:: DATASET CONTENT
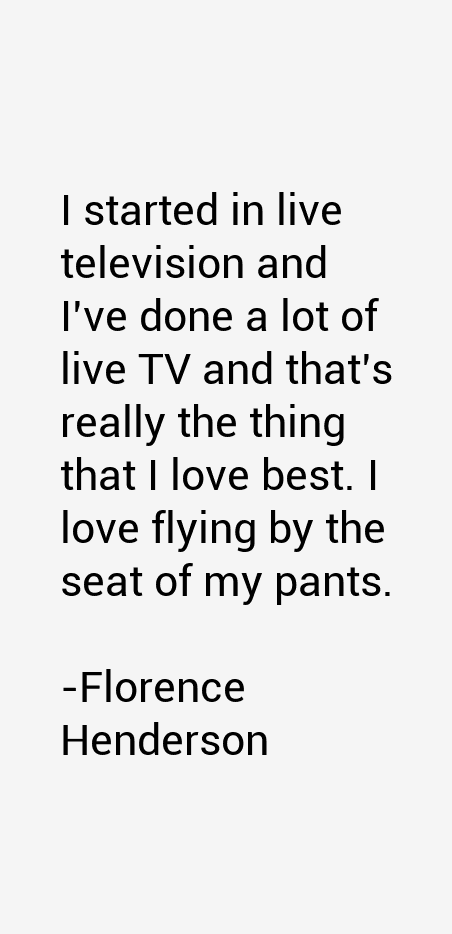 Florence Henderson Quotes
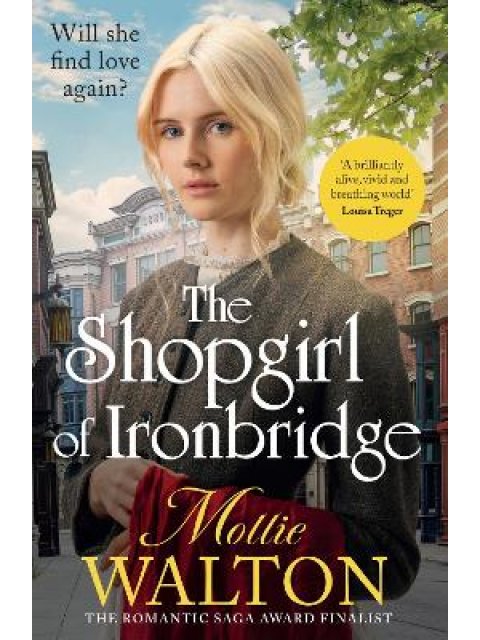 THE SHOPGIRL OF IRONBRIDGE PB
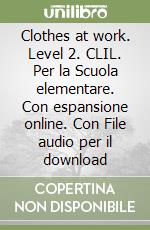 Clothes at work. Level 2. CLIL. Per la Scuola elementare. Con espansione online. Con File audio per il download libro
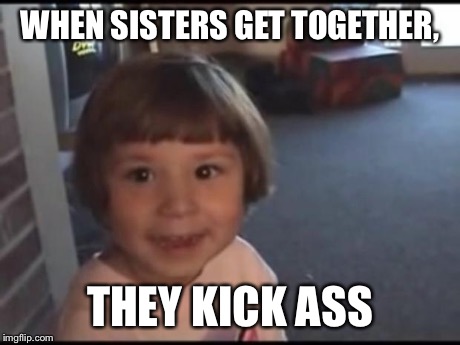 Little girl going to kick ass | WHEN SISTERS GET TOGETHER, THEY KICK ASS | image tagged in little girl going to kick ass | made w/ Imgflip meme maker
::::
▶ _BRIEF_: Give back the data verbatim. The pictures are not part of the copy.

▶ _EXERCISE OUTPUT_:
 Florence Henderson Quotes
 THE SHOPGIRL OF IRONBRIDGE PB
 Clothes at work. Level 2. CLIL. Per la Scuola elementare. Con espansione online. Con File audio per il download libro
 Little girl going to kick ass | WHEN SISTERS GET TOGETHER, THEY KICK ASS | image tagged in little girl going to kick ass | made w/ Imgflip meme maker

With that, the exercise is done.